So this week we begin Andy’s favourite part of the dataschool, dashboard week. Where he gets to see us sweat (Andy’s favourite past time) by pointing us in the direction of some data, get us to collet said data, pull it through Alteryx and in the few minutes we have left, create a viz and write a blog post about it all… Sounds fun right?
Today’s mission revolved around Prudential’s RideLondon event; on their web page is a list (or actually multiple lists spread over multiple pages) of all those who competed in the events, specifically the 100 mile ride on the Sunday.
We had to download the data and clean it up first, which we wisely did on just the first 25 records (of 27,000+). This involved a rather ugly and not particularly optimised Alteryx workflow, but when you are against the clock, as long as it works that’s all that matters!
My preferred way of parsing out web-scraped data is to separate all the would-be columns (key data such as distance and rider name etc) into separate streams and then joining them all back together again at the end, it just feels like I have more control and can edit things easier. Obviously, this leads to the workflow repeating over and over again, and wouldn’t be suitable if you planned to have hundreds (or even tens) of columns. But as I said, it did for now.
The only thing I forgot to take into account as I was building this workflow, is that we still had thousands more rows of data incoming, some of which did not line up perfectly with the conditions I had set out for the 25 strong sample I was working with. So once the rest came in, and the odd balls were massaged out (I mean seriously, whose first name is AK? – the ? is actually part of the name…).
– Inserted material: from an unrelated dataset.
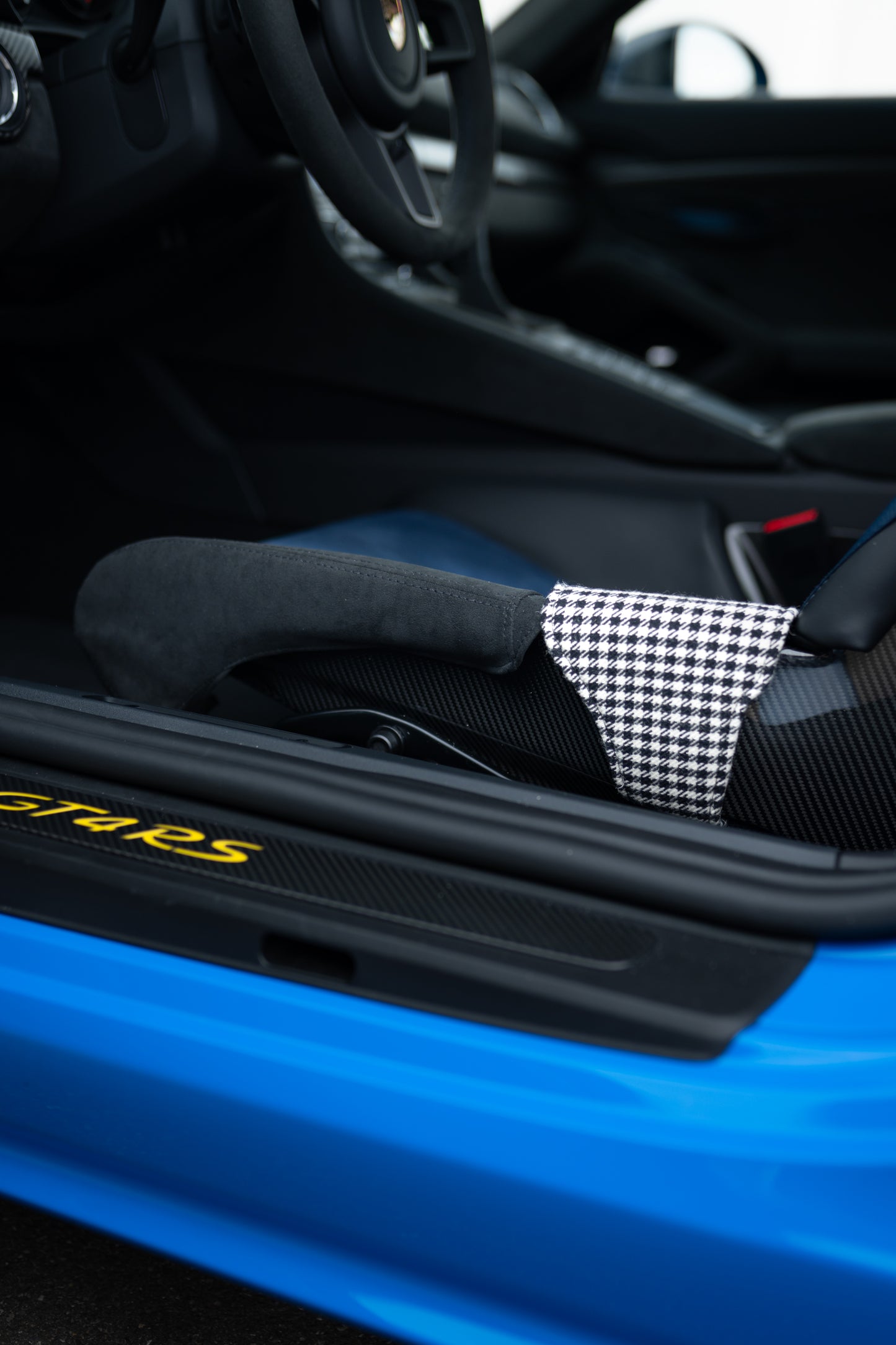 Alcantara® mit Ziernaht & Pepita für Vollschalensitze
Anyway, once the data was ready to play with, I got stuck in. Now I have noticed recently that I have begun to move away from contextual analysis and been focusing more on just what I could find. The issue with this is that the data is then often of no interest or use to anyone. So this time I made sure to always consider what would the organisers or riders themselves want to get out of this viz?
As such, there are far fewer graphs in the resulting product and its far more descriptive, I think going forward I may need to work on that balance a bit more…..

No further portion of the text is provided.